The Portrait of Christ
On the day Jesus rose from the dead, two of his disciples took a walk to Emmaus. On the way, while they discussed the events of the prior three days, “Jesus himself drew near and went with them. But their eyes were kept from recognizing him” (Lk 24:15b-16). When this “stranger” asked what they were talking about, they related their grief and confusion. They thought Jesus would be the promised Messiah, but he had been crucified. And now some women were spreading a rumor that he had risen from the dead. At this, Jesus replied,
“‘O foolish ones, and slow of heart to believe all that the prophets have spoken! Was it not necessary that the Christ should suffer these things and enter into his glory?’ And beginning with Moses and all the Prophets, he interpreted to them in all the Scriptures the things concerning himself” (Lk 24:25-27).
What about you? Do you have a hard time seeing Jesus in the Old Testament? Do the New Testament’s references to the Old seem obscure? If so, the first thing the road to Emmaus should show you is that you’re not alone. Even those who knew him in the flesh had trouble seeing it.
We want the completed picture, perfectly detailed, right now. But that is not how God has chosen to reveal himself to us. Like the artist he is, God delights in his process, and he wants his people to share in it as well.
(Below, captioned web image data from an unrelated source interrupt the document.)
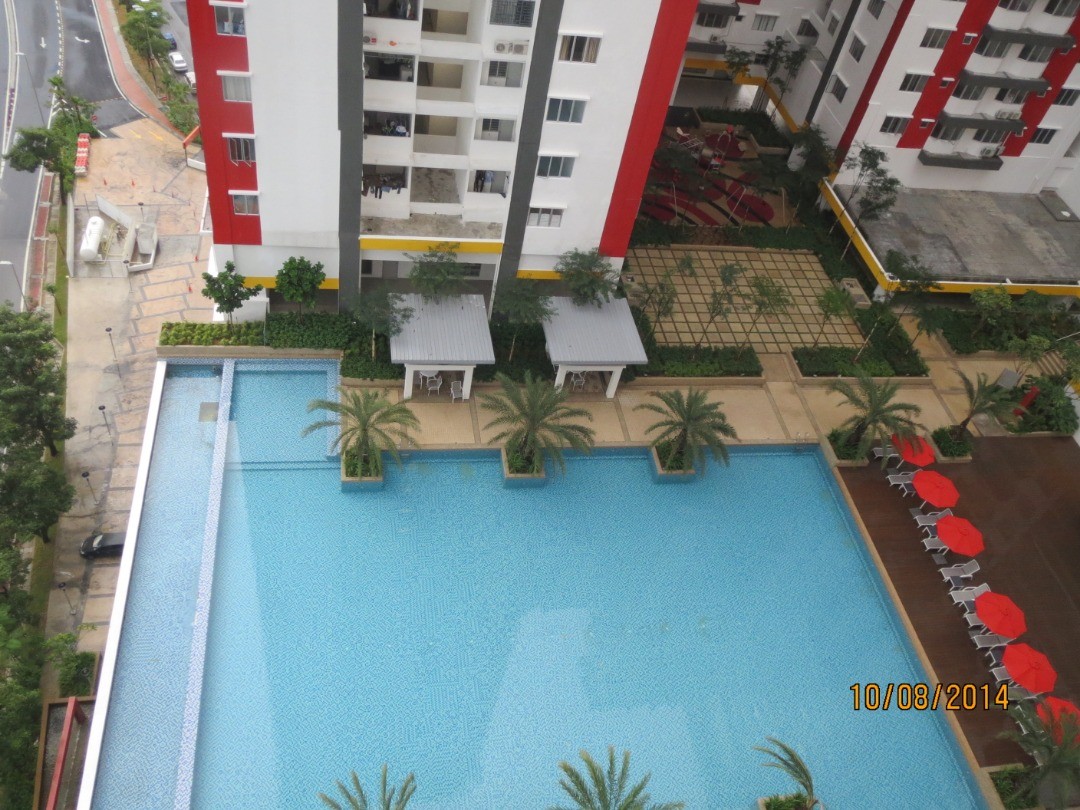 Fully Furnished Apartment 2 Rooms Condo LRT Main Place Residence USJ 21 Subang Jaya For Rent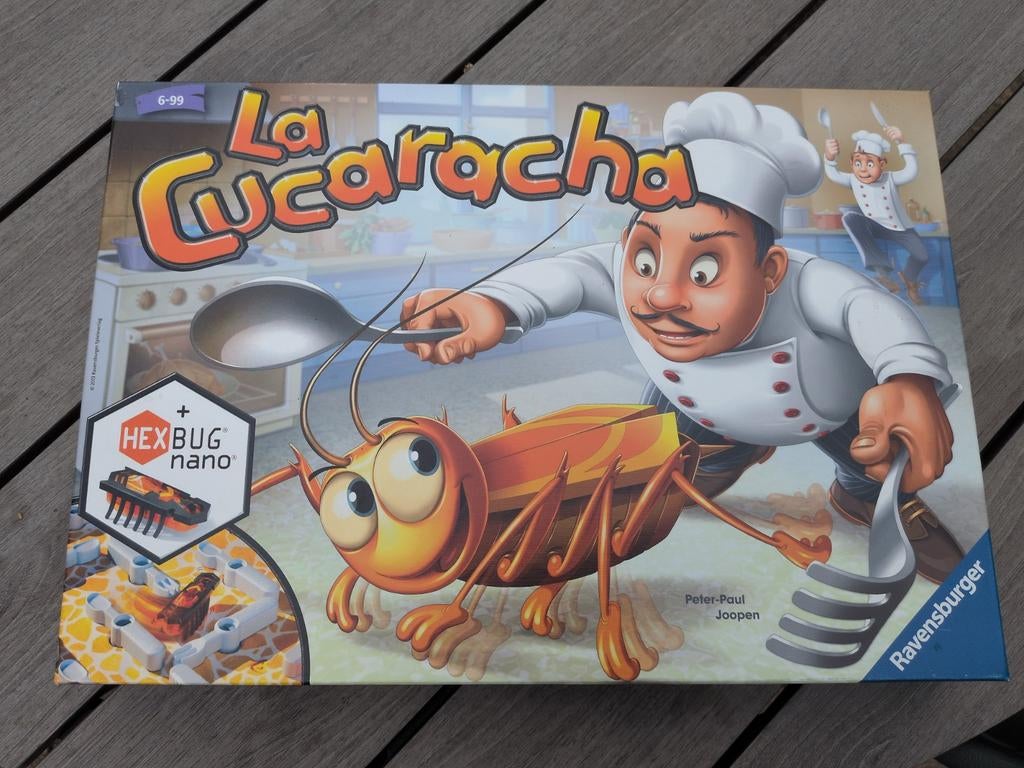 La Cucaracha bordspel - Ravensburger, Drie of vier spelers, Ophalen of Verzenden, Gebruikt, Ravensburger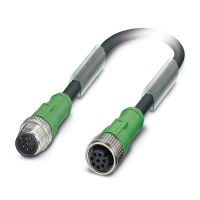 SAC-8P-M12MS/ 5,0-PUR/M12FS Sensor/actuator cable
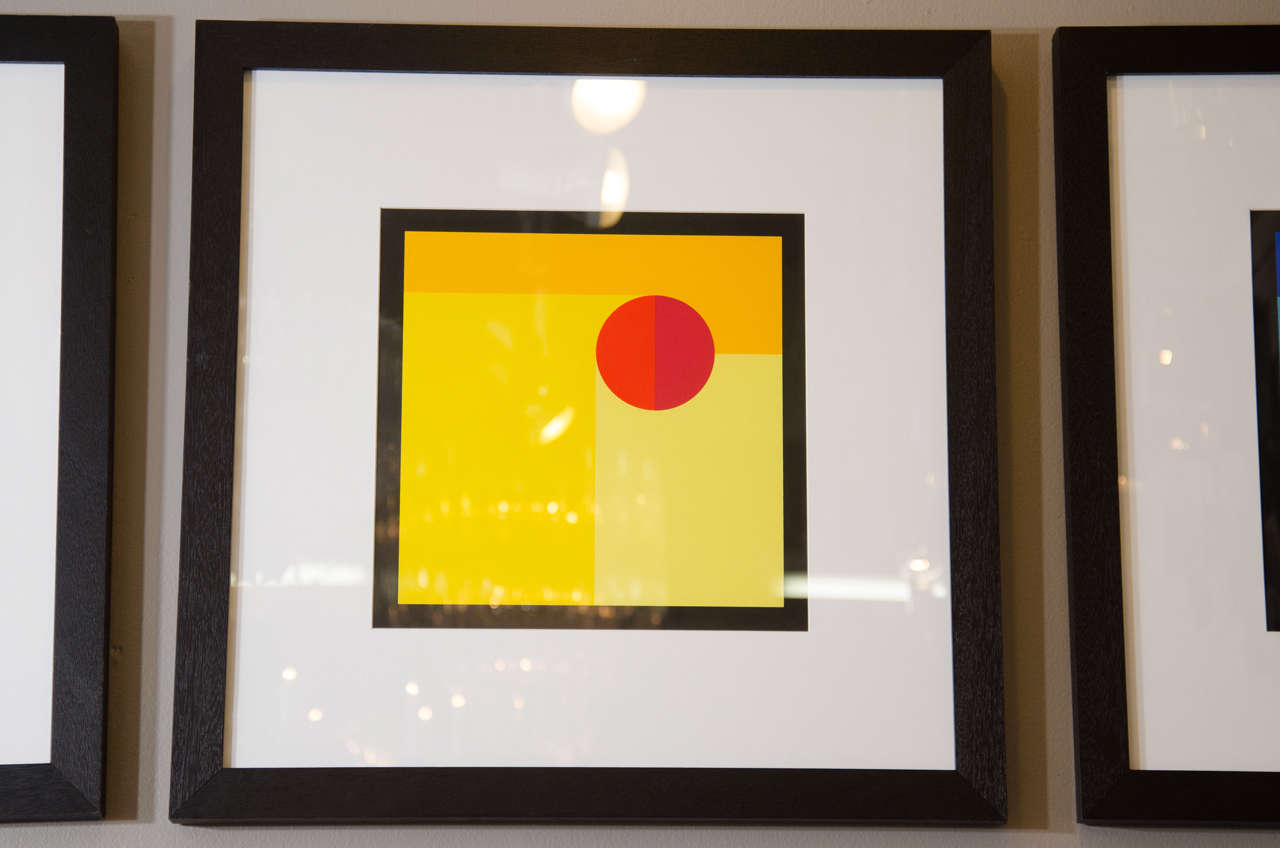 Mid-Century Set of Six Silk Screen Prints by Jo Niemeyer In Good Condition In New York, NY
Rather than presenting us with the finished portrait of the glorified Christ and his church, he begins with a simple sketch, the bare but recognizable outline of a people made in God’s image dwelling with him in a perfect world of his own creation.
Our role as his people is to know and love him, to study his words and his deeds carefully, to learn to recognize his hand in the themes and patterns he has painted for us in Scripture, and to trust in the steadfast love that he reveals to us there as he adds layer upon layer of color, generation after generation, bringing greater texture and detail to his portrait of Christ.
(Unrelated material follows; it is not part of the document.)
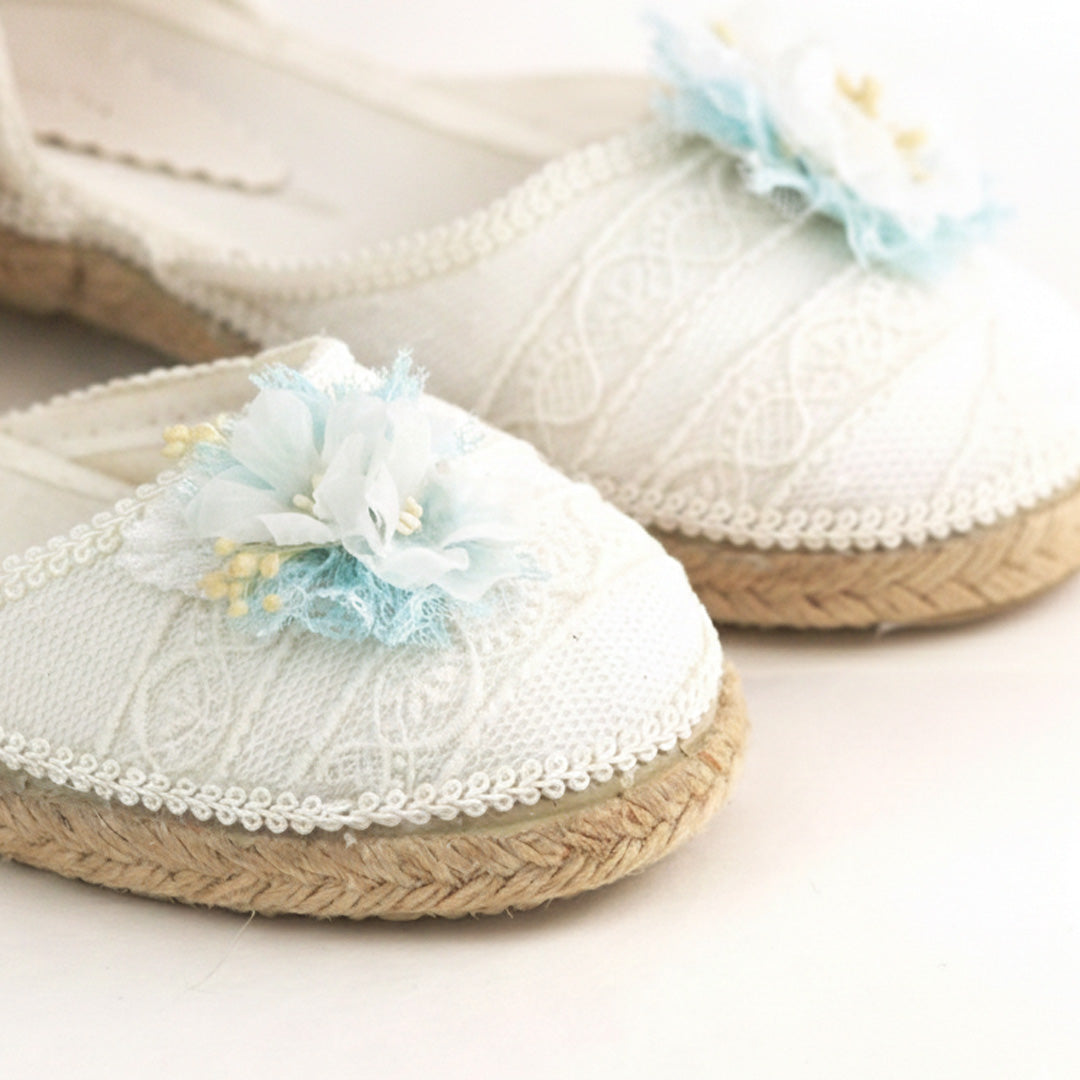Alpargatas de ceremonia| Giselle azul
Peter tells us that the Old Testament prophets themselves yearned for a clearer picture of the salvation their sketches were pointing to:
“Concerning this salvation, the prophets who prophesied about the grace that was to be yours searched and inquired carefully, inquiring what person or time the Spirit of Christ in them was indicating when he predicted the sufferings of Christ and the subsequent glories. It was revealed to them that they were serving not themselves but you, in the things that have now been announced to you through those who preached the good news to you by the Holy Spirit sent from heaven, things into which angels long to look” 1 Pt 1:10-12.
So, the prophets, even while they spoke to the events of their own times, understood that their words pointed to something more. It was clear to them that the finished work was generations away, but with each repeated theme, like another stroke from the artist’s brush, they saw the shape of what was to come more clearly.
In the language of theology, these repeatedly layered sketches are called types. Perhaps you’ve heard the term. Davd Murray gives the simplest definition I’ve heard:
A type is a real person, event, or thing that God has ordained as a predictive pattern or resemblance of Jesus’ person and work.”
Much of the New Testament interpretation of the Old comes from the recognition of types. And the recognition of types develops not simply from knowing a few verses, but from deep familiarity, from long, careful, prayerful, and repeated observation and meditation on the whole of God’s word. It comes from a deep desire like that of the prophets to know our God, to recognize his Christ, and, as each type is brought to its full clarity, to see more and more of his glory. And as we do, we will find ourselves saying, as did the disciples on the road to Emmaus, “Did not our hearts burn within us while he talked to us on the road, while he opened to us the Scriptures?” (Lk 24:32).